The goal of PrivateCore's product was to encrypt everything that's outside of the CPU core using software techniques. So once you've done an attested boot and gotten your crypto keys in order, from that point on anything outside the CPU socket is done in an encrypted manner (except I/O to the network I guess, but definitely hard disk and data going to the DRAM, etc.) Their important selling point here was that you could protect against cold boot attacks, DMA data dumps, data sniffers on the DRAM lines, etc. They also claim to have a secure hypervisor (preventing cross-VM thievery) because they've stripped it down to its bare bones, but I believe this ended up being a secondary concern.
Anyway, their goal was to have unencrypted data in the caches, but encrypt the data before it leaves the chips and goes out to DRAM. Their page is mostly high-level marketing fluff, so if they were claiming to do more than this, I missed it. The hardware for encrypted DRAM accesses exists in specialized platforms (e.g. the XBox 360) but doesn't currently exist in commodity x86 server parts. As such, a friend and I sat down for an evening a while ago and tried to work out how they would do this without a DRAM controller that did the encryption for you.
Again, their goal is to have decrypted data in the caches, encrypted data in the DRAM. The crypto routines would have to be contained in software. The major difficulty is that the cache does whatever the cache wants, so it's really rather difficult to say "when this data is leaving the cache, call the software crypto routines." There is no good way for the hardware to tell you it's kicking data out of the cache. (There are academic proposals for this kind of information, but nothing currently exists.)
We thought up of a number of solutions and were able to validate our guesses against their patent submission. I will gloss over some of the deeper details (such as methods for reverse engineering the cache's replacement policy).
The shortened version is:
1) Work on Intel cores that have >=30 MB of L3
2) Run a tiny hypervisor that fits into some small amount of memory (let's say 10MB)
3) Mark all data in the system that is not the hypervisor code pages are non-cacheable
4) The hypervisor also has the crypto routines, so all of these non-cacheable pages can now be software encrypted using the hypervisor's routines. The DRAM-resident data is now encrypted.
4a) Because these were marked as non-cacheable data, the hypervisor is still resident in the cache (it was never displaced).

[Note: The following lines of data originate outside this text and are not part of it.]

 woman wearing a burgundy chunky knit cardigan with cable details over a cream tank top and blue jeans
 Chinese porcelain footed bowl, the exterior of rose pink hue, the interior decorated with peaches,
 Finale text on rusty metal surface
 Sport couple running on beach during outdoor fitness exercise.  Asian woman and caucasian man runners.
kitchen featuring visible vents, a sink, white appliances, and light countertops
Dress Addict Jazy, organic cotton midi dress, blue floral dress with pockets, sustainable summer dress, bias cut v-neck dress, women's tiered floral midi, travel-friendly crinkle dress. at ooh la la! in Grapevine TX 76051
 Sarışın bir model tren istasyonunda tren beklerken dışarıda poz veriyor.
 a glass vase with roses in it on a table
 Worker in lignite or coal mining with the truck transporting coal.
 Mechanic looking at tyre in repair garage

5) Mark some remaining amount of space (let's say 20MB) of physical memory as cacheable. This physical memory currently contains no data at all.
6) When you want to run a program or an OS, have the hypervisor move that program's starting code into the 20-meg-range (decrypt it along the way) and set its virtual pages to point to that physical memory range
7) The program can now run because (at least some of its pages) are decrypted. They are also cacheable, so it will hit in the cache
8) When you try to access code or data that is still encrypted, it will cause a page fault
9) The hypervisor's page fault handler will get that encrypted data, decrypt it, and put it somewhere in the 20-meg-range
9a) If the 20 meg page is already full of decrypted data, you will have to re-encrypt some of it and spill it back to DRAM (like paging it out to disk).

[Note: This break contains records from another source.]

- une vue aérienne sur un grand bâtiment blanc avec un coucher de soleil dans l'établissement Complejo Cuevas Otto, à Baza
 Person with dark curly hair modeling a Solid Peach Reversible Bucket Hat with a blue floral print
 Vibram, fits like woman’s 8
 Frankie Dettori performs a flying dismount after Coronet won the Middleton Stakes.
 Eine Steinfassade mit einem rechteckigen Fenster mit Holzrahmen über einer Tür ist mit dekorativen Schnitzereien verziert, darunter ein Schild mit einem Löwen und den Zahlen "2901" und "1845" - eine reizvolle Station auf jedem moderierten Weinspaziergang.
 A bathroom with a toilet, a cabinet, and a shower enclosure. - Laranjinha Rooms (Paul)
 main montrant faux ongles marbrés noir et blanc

Because you are only touching ~30 megs of physical memory that is marked as cacheable, you will "never" spill decrypted data to the DRAM. Essentially, they built a system that has 30 megs of main memory (that 30 megs is SRAM in the core), and DRAM is treated like disk/swap in a demand-paging system.
The reason I am convinced this is likely an acquisition-hire, rather than a hire for a particular product is: this will be unbearably slow on anything but tiny cache-resident applications. Now, not only are cache misses page faults, but they also require moving data around and running through software crypto routines. They claim good performance, but I can't imagine anything but 100x or more slowdowns when dealing with server applications that have large working sets. Faults to supervisor/hypervisor mode are not cheap. Perhaps for CPU-bound benchmark applications you will see little slowdown, but I've seen no solid evidence that their performance is any good. Looking at the way they do this memory encryption, the evidence strongly points towards huge overheads when e.g. walking linked lists or dealing with disparate data. Imagine taking a page fault (and encrypting 4KB of data and then decrypting a different 4KB of data) on every memory access because you're jumping around a 40MB hash table.
Beyond the likely performance problems, they also cannot offer complete guarantees that data in the caches won't spill to DRAM by accident. I can think of a number of possible ways to trick a cache into spilling its data, and I don't believe that any processor manufacturer guarantees that cached data will remain resident. If your security stance is "well, a cache eviction probably won't happen due to reasons outside my control," I don't think you will be very safe against a particularly dedicated hacker. Mind you, this would only leak up to 30MB of user data at a time, but that's still a crack in the dam. Why would you page a huge performance overhead for no actual security guarantee?
Their solution to this problem (in the patent application, anyway) was to periodically scan the cacheable physical memory range and scrub it of unencrypted data.
In summary: I don't believe that Facebook will be implementing this technique in their servers. If they really wanted encrypted DRAM, they would pay Intel or AMD to build a semi-custom processor with encryption techniques built into the DRAM controllers. They bought this company because they want to hire these guys who have a lot of kernel and hypervisor knowledge.